(Task goal) What is needed is an exact copy of all the data.

(Data segment)

------

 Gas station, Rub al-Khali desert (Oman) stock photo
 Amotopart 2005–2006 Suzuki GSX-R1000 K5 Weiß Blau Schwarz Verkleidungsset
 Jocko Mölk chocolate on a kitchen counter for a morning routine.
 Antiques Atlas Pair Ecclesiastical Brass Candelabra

------

(Completed task)
 Gas station, Rub al-Khali desert (Oman) stock photo
 Amotopart 2005–2006 Suzuki GSX-R1000 K5 Weiß Blau Schwarz Verkleidungsset
 Jocko Mölk chocolate on a kitchen counter for a morning routine.
 Antiques Atlas Pair Ecclesiastical Brass Candelabra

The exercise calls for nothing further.